LUWU — Kolaborasi lintas sektor menjadi kunci dalam peluncuran Program ELEVATE (Economic Livelihood Capabilities and Violence Elimination for Women) dan Program CORE (Cocoa Resilience & Empowerment) di Kabupaten Luwu. Kedua program yang diinisiasi Save the Children Indonesia ini tidak hanya menyasar perlindungan terhadap kekerasan berbasis gender (KBG) dan pemenuhan hak anak, tetapi juga memperkuat ketahanan ekonomi masyarakat melalui pemberdayaan perempuan.
Sinergi Perlindungan dan Ekonomi untuk Perempuan
Program ELEVATE yang akan berjalan pada periode 2026–2029 mendapat dukungan dari Uni Eropa. Implementasinya melibatkan sejumlah mitra lokal, seperti Forum Pengada Layanan (FPL), LBH Apik, LPP Bone, Perkumpulan Wallacea, dan SCF. Pendekatan utama program ini adalah mengintegrasikan sistem perlindungan terhadap KBG dengan Pemberdayaan Ekonomi Perempuan (Women’s Economic Empowerment/WEE).
“Kolaborasi lintas sektor menjadi kunci untuk membangun masyarakat yang mandiri dan inklusif. Sinergi program pemerintah daerah dengan para mitra diharapkan mampu menghadirkan dampak nyata bagi masyarakat,” ujar Kepala Bappelitbangda Kabupaten Luwu, Moch Arsal, saat membuka kegiatan di Ruang Rapat Bappelitbangda, Senin (18/5/2026).
10 Desa di Lima Kecamatan Jadi Sasaran Utama
Pelaksanaan Program ELEVATE di Kabupaten Luwu akan difokuskan di 10 desa yang tersebar di lima kecamatan. Targetnya, program ini mampu mengurangi kerentanan sosial dan ekonomi masyarakat melalui penguatan kapasitas warga serta jaminan keberlanjutan program.
Moch Arsal menekankan pentingnya keterlibatan semua pihak agar program berjalan terintegrasi dengan kebijakan daerah, bukan parsial. Sejumlah Organisasi Perangkat Daerah (OPD), seperti Dinas Pendidikan, Dinas P3AP2KB, Dinas PMD, Dinas Pertanian, dan UPTD PPA, telah menyatakan komitmen untuk menyelaraskan program daerah dengan implementasi di lapangan.

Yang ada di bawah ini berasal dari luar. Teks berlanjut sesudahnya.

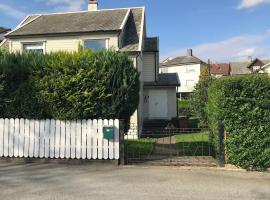 Independent Apartment in Sandnes，位于桑内斯的酒店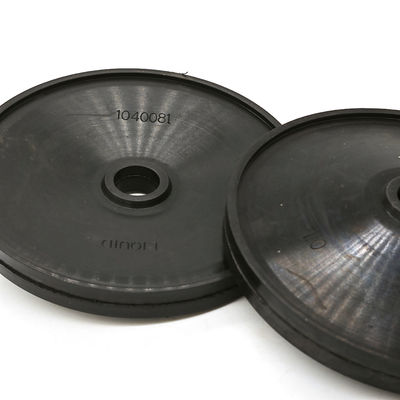 Yüksek Basınç Dayanımlı Silikon Diyafram Membranı (Pompalar için, 7-21 Gün Teslimat)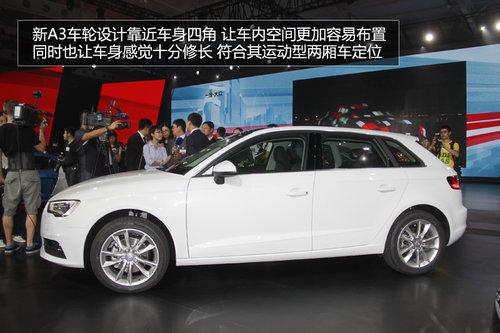 �����µ�ȫ��A3ʵ�� Sportback�潫����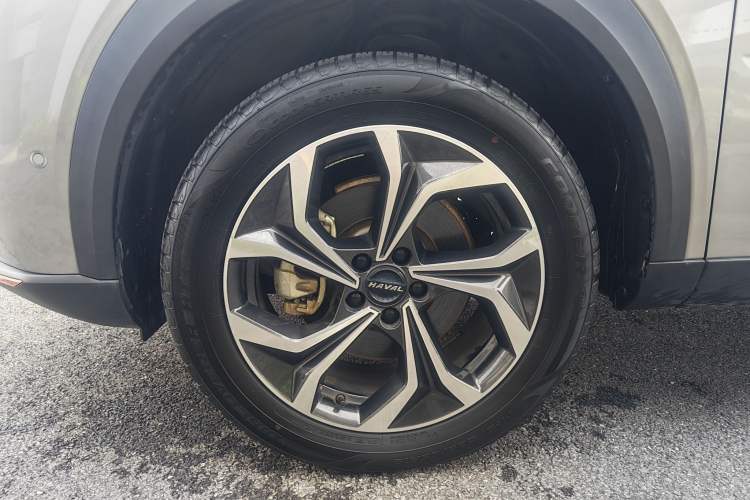 Used Haval XY 2022 1.5T ZhiZun Edition Exterior 10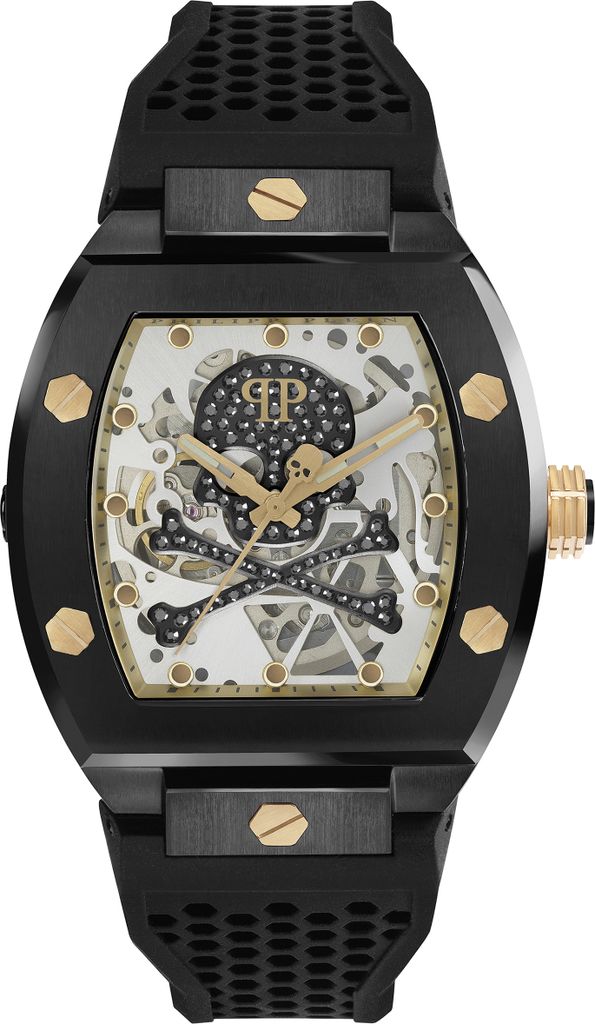 Philipp Plein - PWBAA0521 - Armbanduhr - Herren - THE SKELETON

Program CORE: Ketahanan Petani Kakao dan Keluarga
Selain ELEVATE, program CORE (Cocoa Resilience & Empowerment) juga diluncurkan untuk memperkuat ketahanan masyarakat, khususnya petani kakao. Program ini dirancang untuk meningkatkan kapasitas ekonomi keluarga sehingga mampu menjadi benteng perlindungan sosial bagi perempuan dan anak.
Kegiatan yang diikuti sekitar 40 peserta dari unsur pemerintah daerah, kecamatan, organisasi perempuan, dan jaringan masyarakat sipil ini ditutup dengan diskusi penyelarasan program antar-OPD. Melalui kerja sama ini, Pemkab Luwu berharap upaya perlindungan perempuan dan anak serta penguatan ekonomi keluarga dapat berjalan berkelanjutan dan memberikan manfaat nyata bagi masyarakat.